▶ [THE PROBLEM]
Only the lines from the start of the entries through the line with "Vintage Lodge Spark" should be returned, each exactly as it stands, and no pictures.

(Captioned web image data)
^^^^

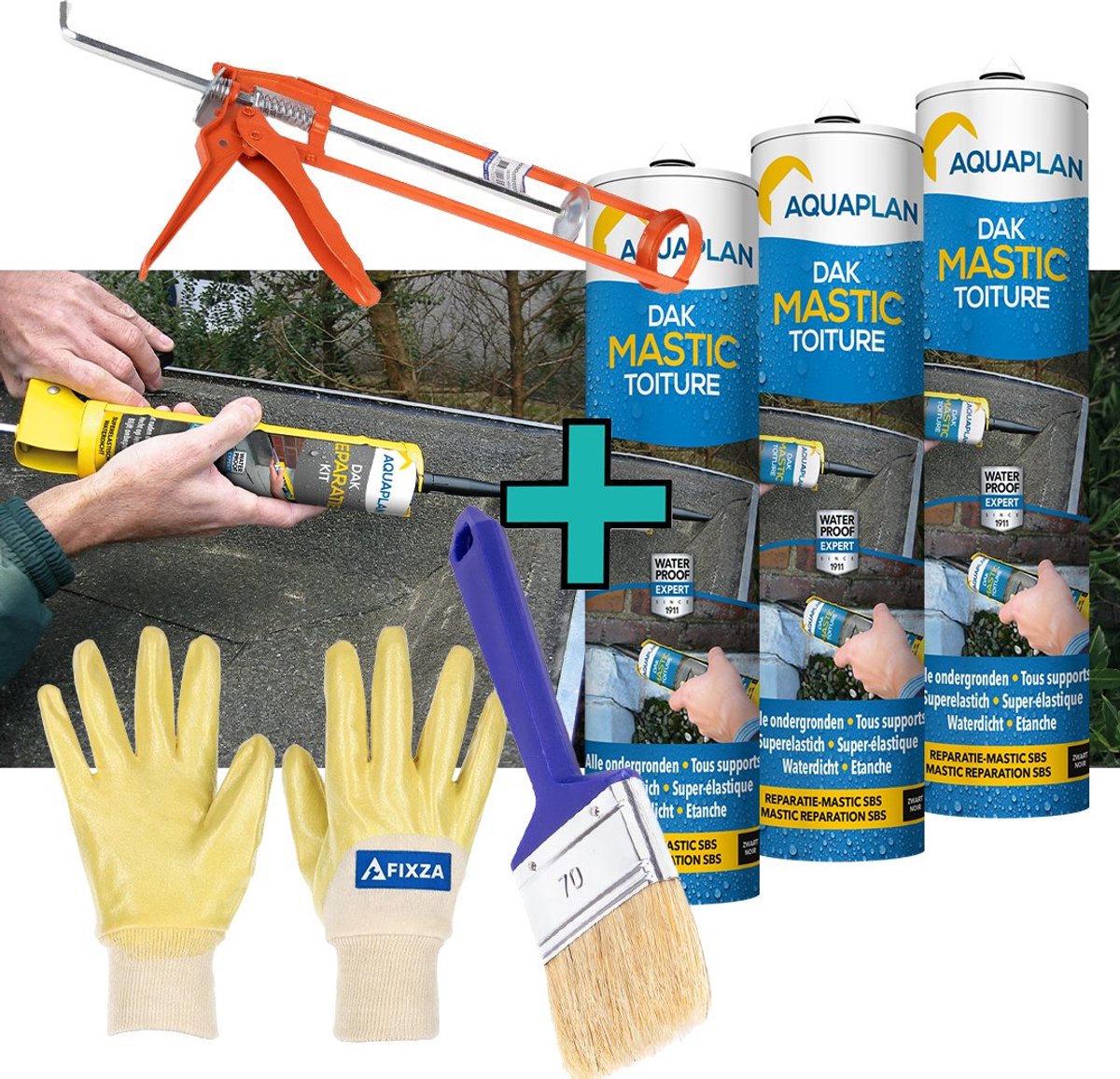 Aquaplan Reparatie-Mastic – set - plus kwast - Waterdichte Dakreparatie Pasta – Voor Scheuren, Barsten en Dakafdichting - 930 ml
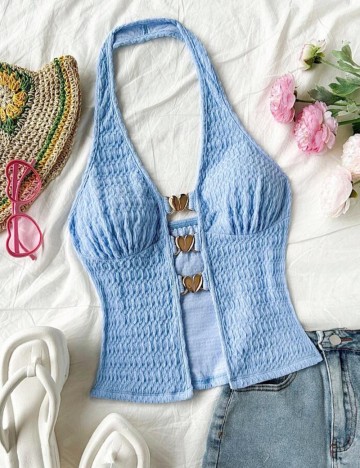 Top Shein, albastru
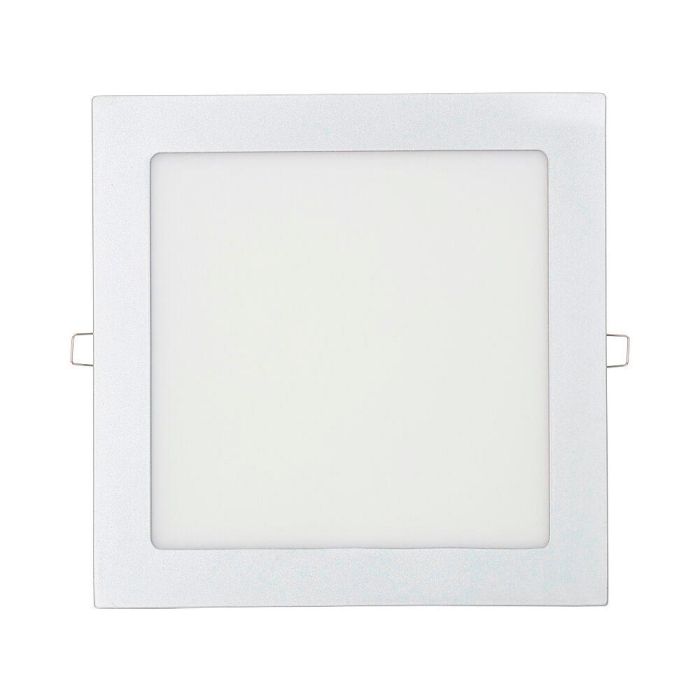 Downlight led empotrable cuadrado 20w luz fria 6400k 1500lm cromado 22x22cm edm 1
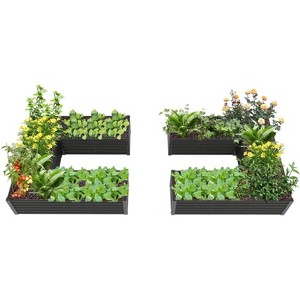 Anybear 6x6x1.5ft U-Shaped Galvanized Raised Garden Beds Outdoor for Planting Vegetables Flowers Herb, Anti-Rust - 1 of 4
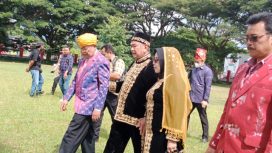 Wakil Bupati Parigi Moutong Badrun Nggai menghadiri upacara HUT Kabupaten Parimo ke 21. Foto: Diskominfo Parimo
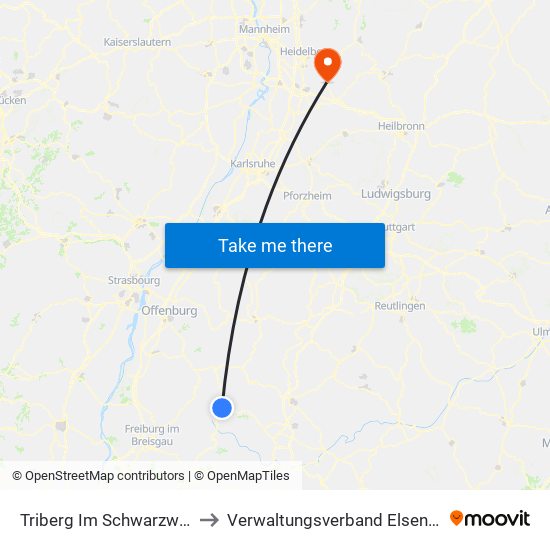Triberg Im Schwarzwald to Verwaltungsverband Elsenztal map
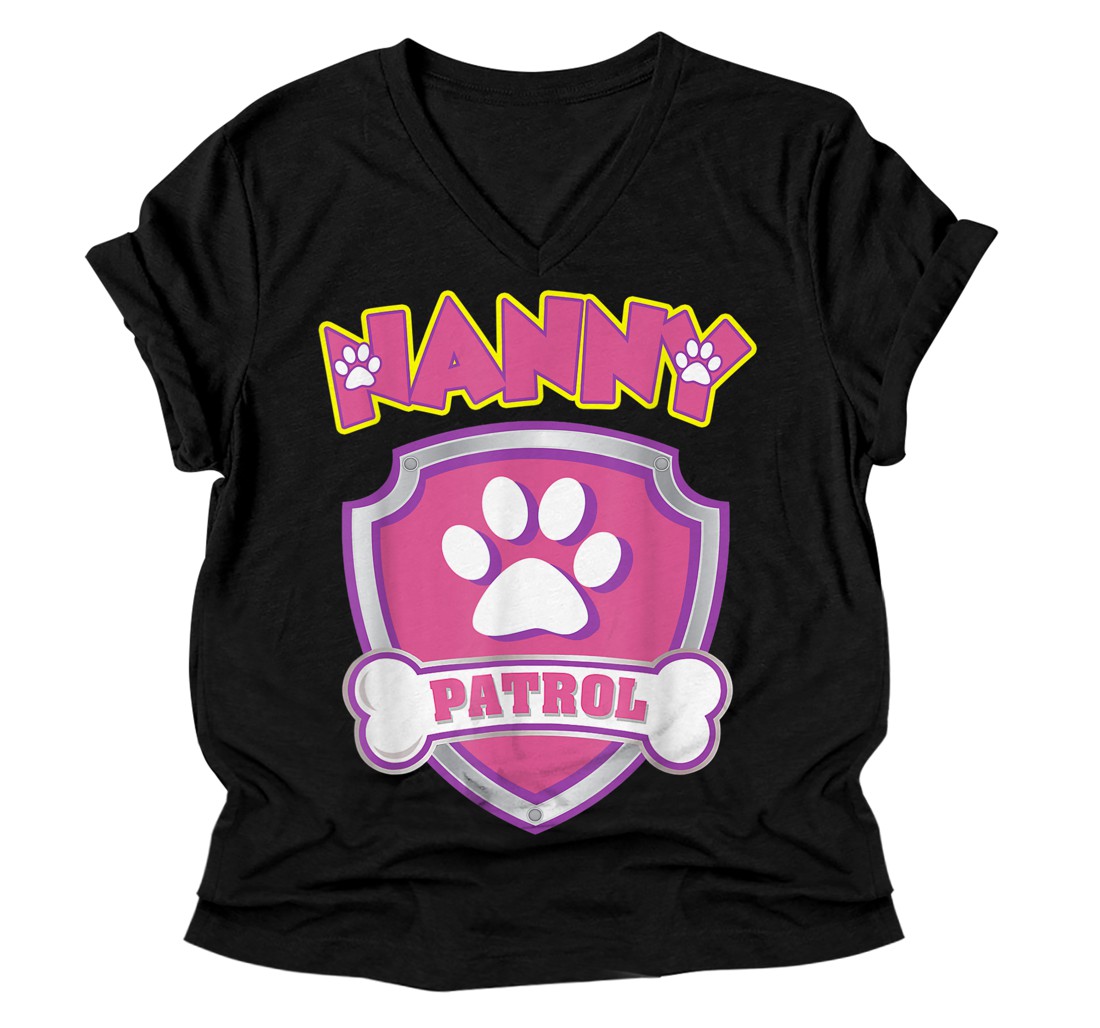 Personalized Funny Nanny Patrol - Dog Mom, Dad For Men Women V-Neck T-Shirt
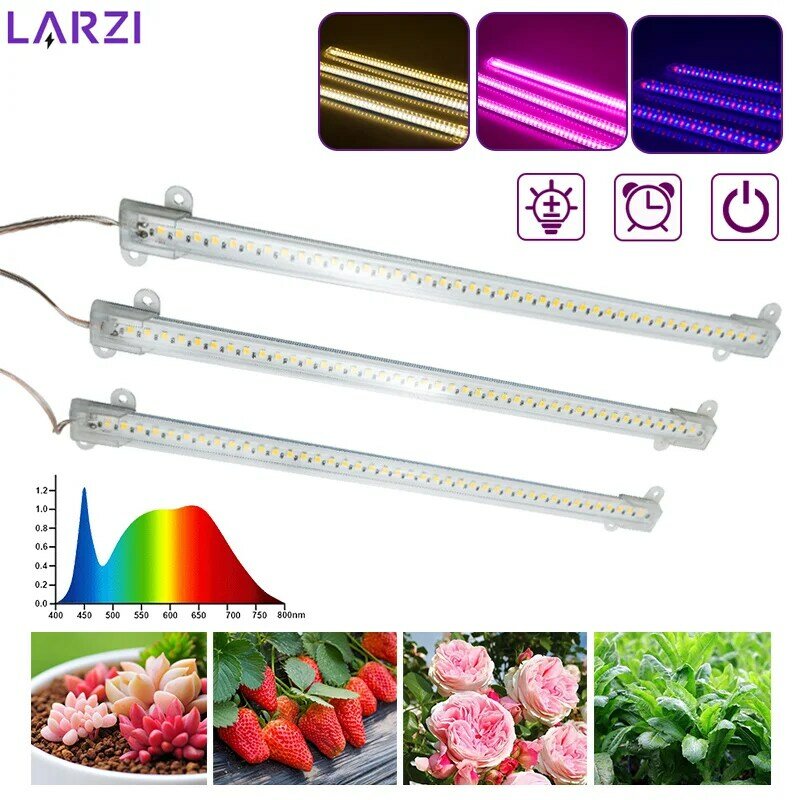 LED Spektrum Penuh Lampu Phyto USB 5V Tumbuh Cahaya Bar 30Cm 1T 2T 3T 4T Tanaman Bunga LED Rumah Kaca Budidaya Hidroponik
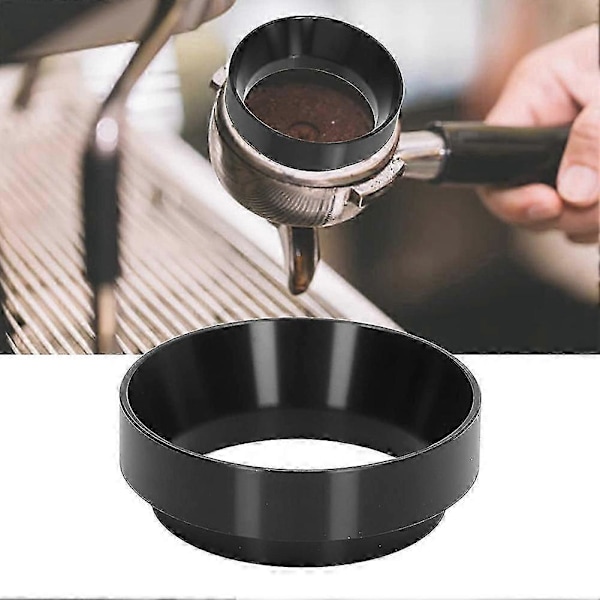 Magnetisk Ring 53mm Espresso Doserings Tragt - Kaffemaskine Tilbehør til Brygning, Sort Tamper Pulverværktøj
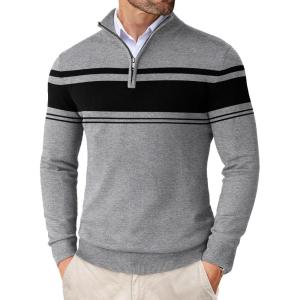 imageCOOFANDY Mens Quarter Zip Up Sweaters Slim Fit Lightweight Mock Neck Pullover Casual Polo SweatersBlack  Heather Grey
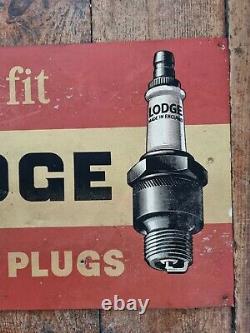 Vintage Lodge Spark Plugs Advertising Sign Tin Automobilia Motoring Garage Rare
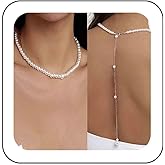 Ximdble Vintage Pearl Choker Necklace Pearl Back Drop Necklace Pearl Lariat Back Necklace Body Chain Gold Pearl Wedding Back Chain Necklace Jewelry for Women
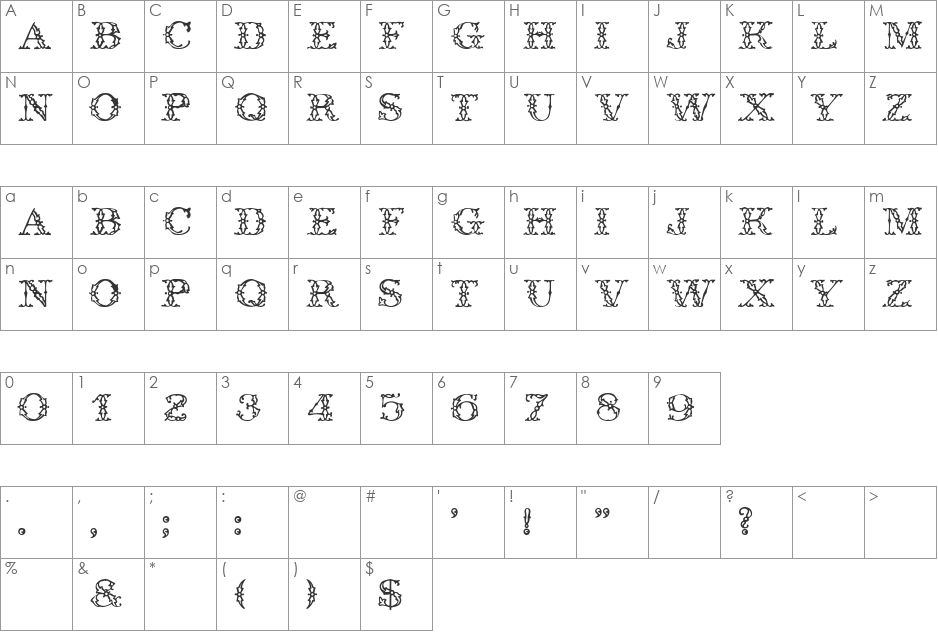 WroghtIron font character map preview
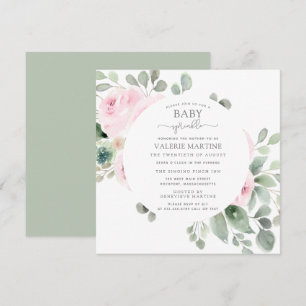 Sprinkle-inbjudan för Baby Blommigt i Rosa ros Inbjudningar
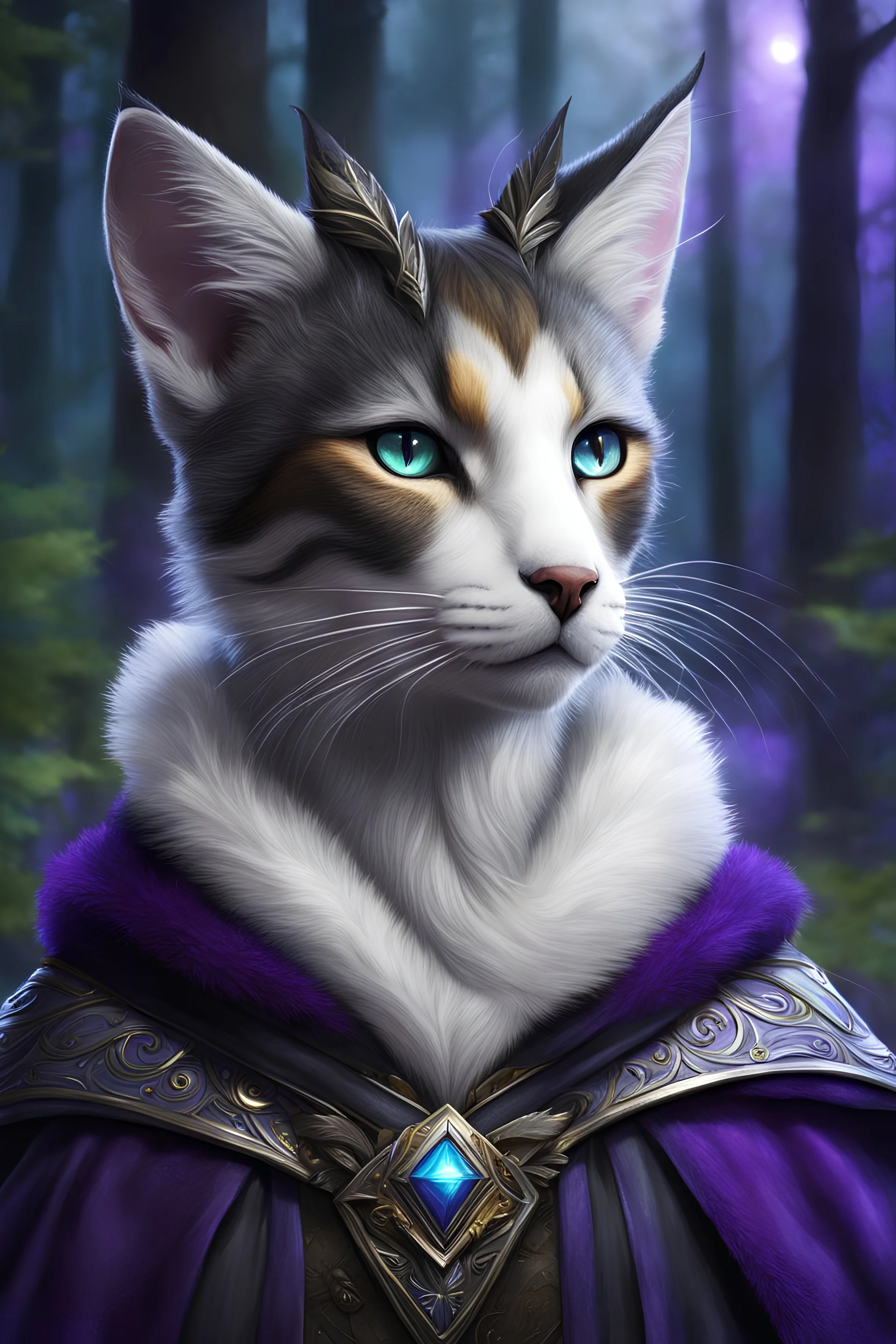 Beautiful D&D character, humanoid female tabaxi druid, smooth face with no designs on face, add more fur to the face, tufts of white fur poking out of the ears, black fur on face, colorful fantasy, detailed, realistic face, digital portrait, intricate cloak black trimmed with silver and purple, background is nighttime forest scene with mist,fiverr dnd character, wlop, stanley artgerm lau, ilya kuvshinov, artstation, HD, octane render, hyperrealism
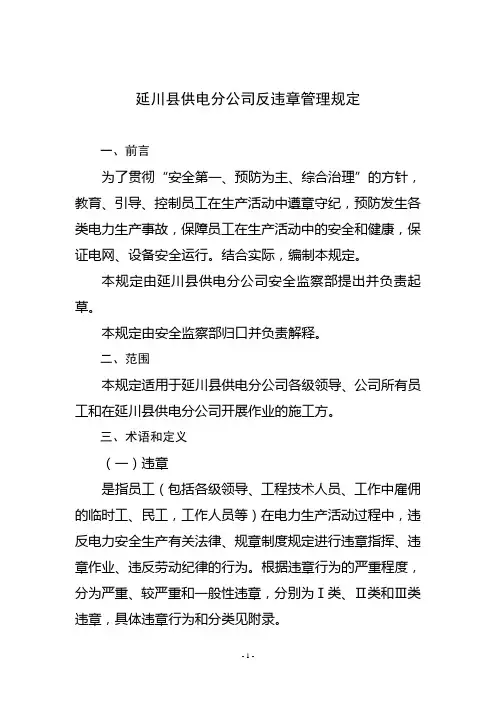 newA19反违章管理规定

^^^^

▶ [EXERCISE SOLUTION]
 Aquaplan Reparatie-Mastic – set - plus kwast - Waterdichte Dakreparatie Pasta – Voor Scheuren, Barsten en Dakafdichting - 930 ml
 Top Shein, albastru
 Downlight led empotrable cuadrado 20w luz fria 6400k 1500lm cromado 22x22cm edm 1
 Anybear 6x6x1.5ft U-Shaped Galvanized Raised Garden Beds Outdoor for Planting Vegetables Flowers Herb, Anti-Rust - 1 of 4
 Wakil Bupati Parigi Moutong Badrun Nggai menghadiri upacara HUT Kabupaten Parimo ke 21. Foto: Diskominfo Parimo
Triberg Im Schwarzwald to Verwaltungsverband Elsenztal map
 Personalized Funny Nanny Patrol - Dog Mom, Dad For Men Women V-Neck T-Shirt
 LED Spektrum Penuh Lampu Phyto USB 5V Tumbuh Cahaya Bar 30Cm 1T 2T 3T 4T Tanaman Bunga LED Rumah Kaca Budidaya Hidroponik
 Magnetisk Ring 53mm Espresso Doserings Tragt - Kaffemaskine Tilbehør til Brygning, Sort Tamper Pulverværktøj
 imageCOOFANDY Mens Quarter Zip Up Sweaters Slim Fit Lightweight Mock Neck Pullover Casual Polo SweatersBlack  Heather Grey
 Vintage Lodge Spark Plugs Advertising Sign Tin Automobilia Motoring Garage Rare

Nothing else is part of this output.